Exercise details:
Please make an exact copy of the lines from the one holding "Ceres Life Zoe" through the end of the data, both ends included, with no pictures.

== == ==

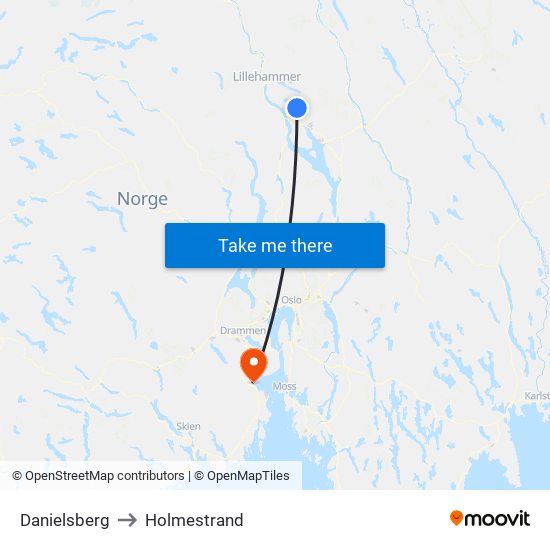 Danielsberg to Holmestrand map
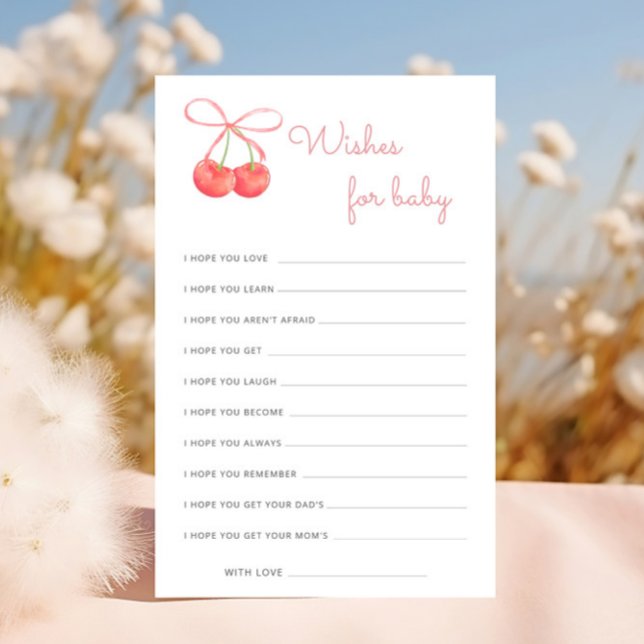 Cherry Pink Ribbon Baby Shower Wishes For Baby (Creator Uploaded)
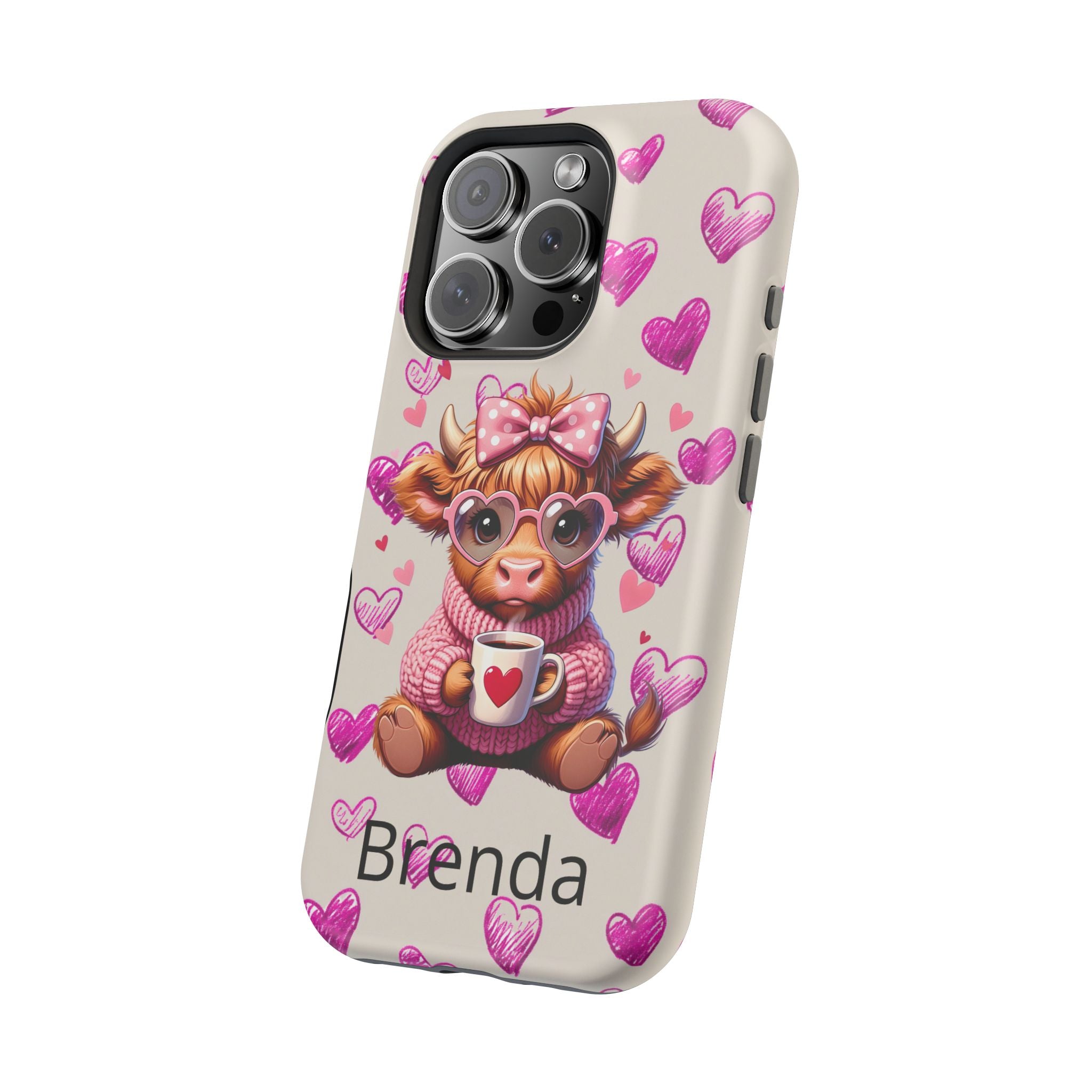 Highland Cow With Pink Hearts iPhone Case, Valentines Magnetic Impact-Resistant Case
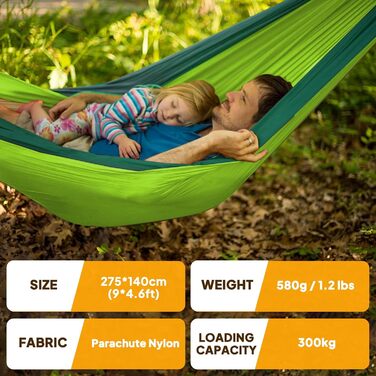 Гамак для кемпінгу NATUREFUN | Легкий, 300 кг, 275x140 см, дихаючий, швидковисихаючий, нейлон, 2 карабіни, 2 петлі, для дому та саду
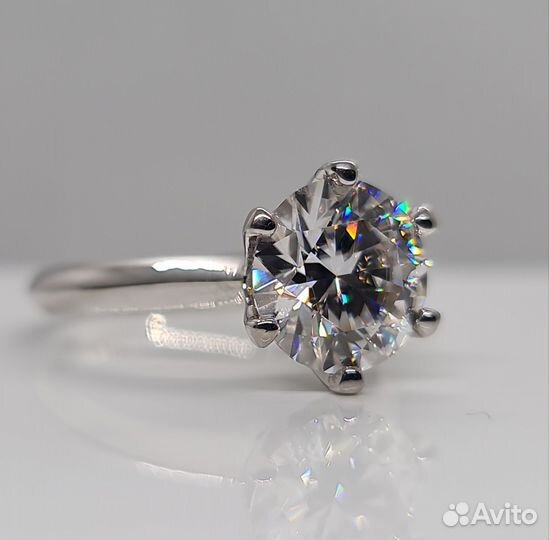 Кольцо с бриллиантом (муассанитом) 3ct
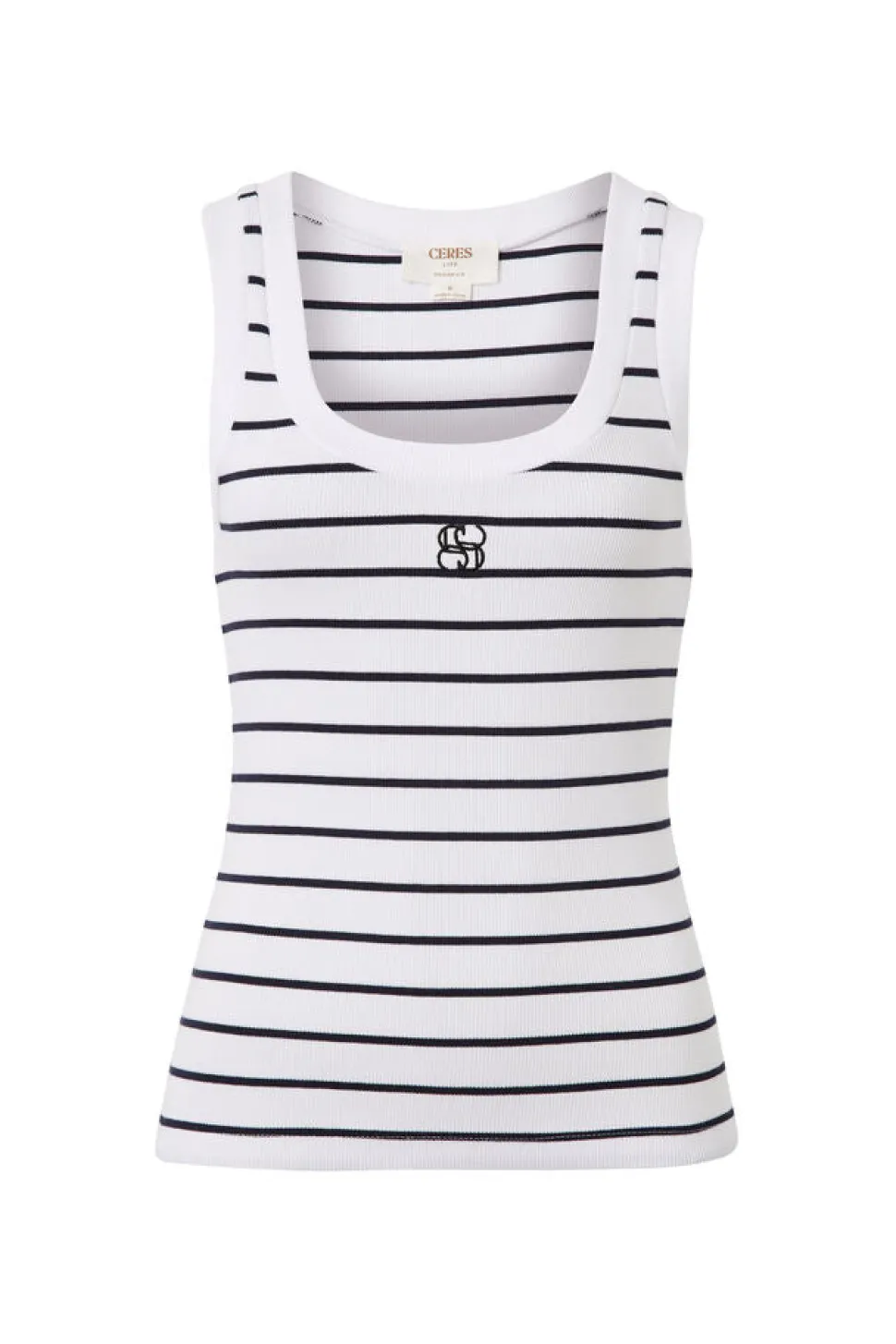 Ceres Life Zoe Contour Rib Scoop Tank - White/New Navy Monogram Embroidery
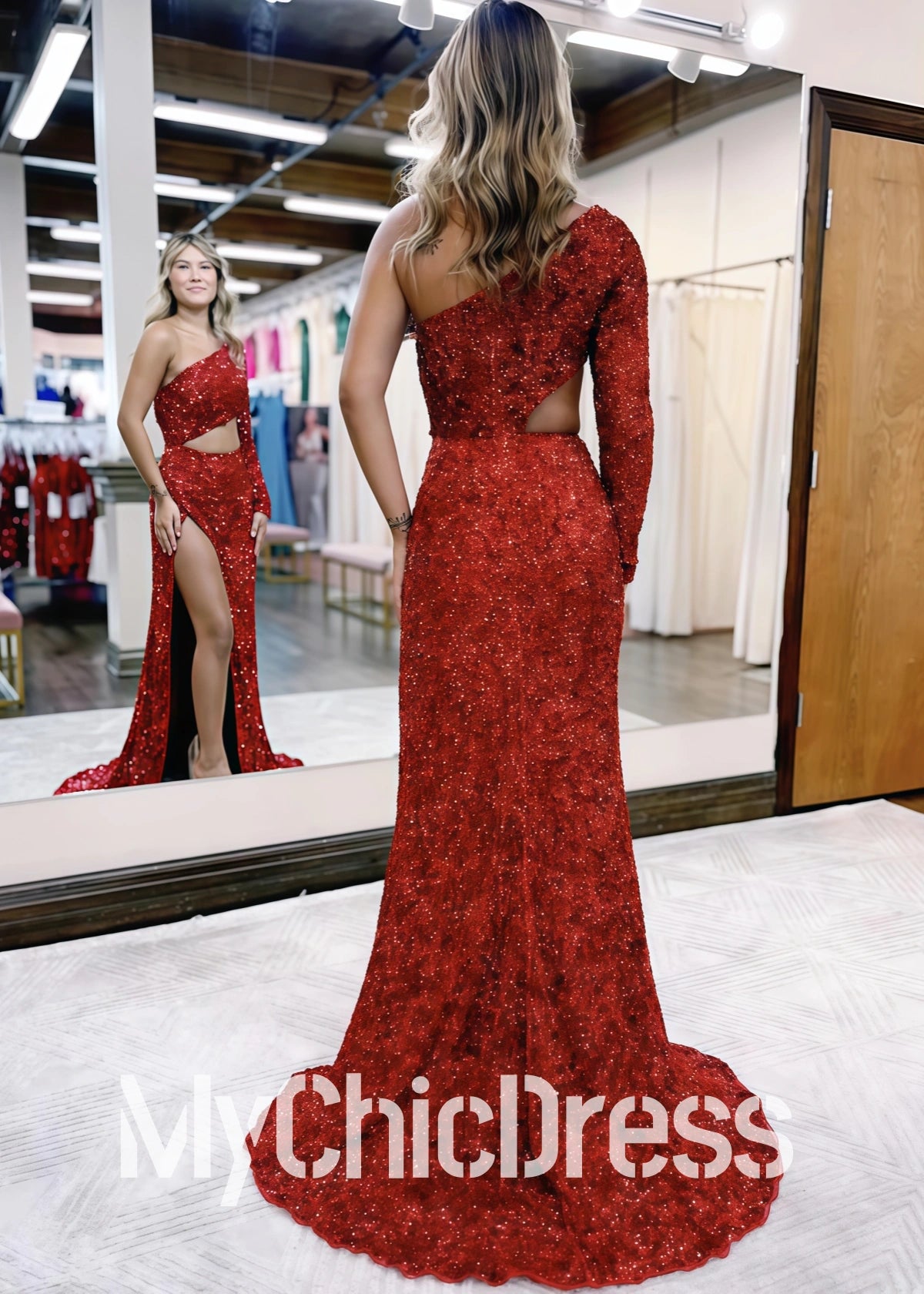 Vestidos formales negros de una sola manga con lentejuelas, vestido de fiesta largo recortado con abertura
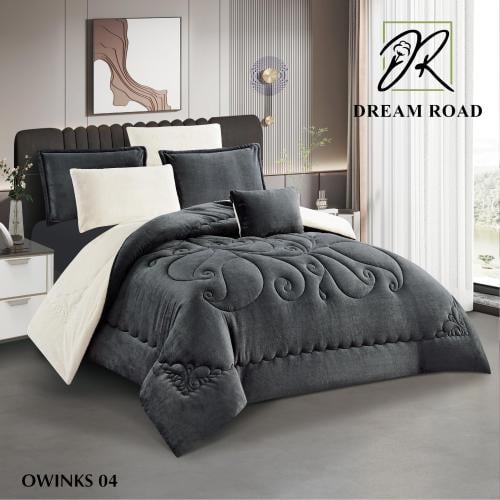 مفرش شتوي مفرد ونص مخمل فرو 5قطع - أونيكس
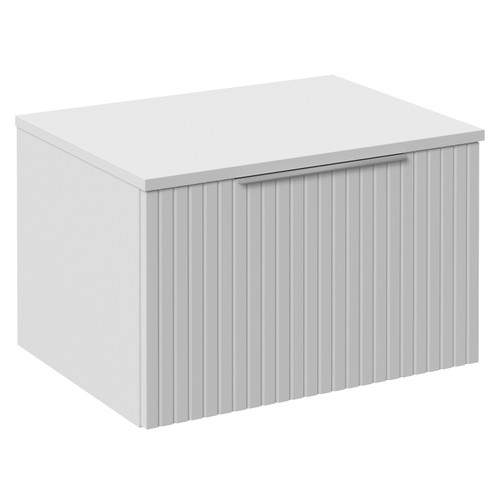 Helix 460 Fluted Satin White 600mm Wall Mounted 1 Drawer Vanity Unit for Countertop Basins Left Hand View
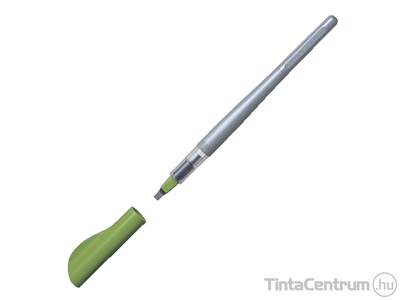 Töltőtoll készlet, kalligrafikus, 0,5-3,8mm, zöld kupak, PILOT "Parallel Pen", piros/fekete patronokkal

== == ==

Reply to the exercise:
 Ceres Life Zoe Contour Rib Scoop Tank - White/New Navy Monogram Embroidery
 Vestidos formales negros de una sola manga con lentejuelas, vestido de fiesta largo recortado con abertura
 مفرش شتوي مفرد ونص مخمل فرو 5قطع - أونيكس
 Helix 460 Fluted Satin White 600mm Wall Mounted 1 Drawer Vanity Unit for Countertop Basins Left Hand View
 Töltőtoll készlet, kalligrafikus, 0,5-3,8mm, zöld kupak, PILOT "Parallel Pen", piros/fekete patronokkal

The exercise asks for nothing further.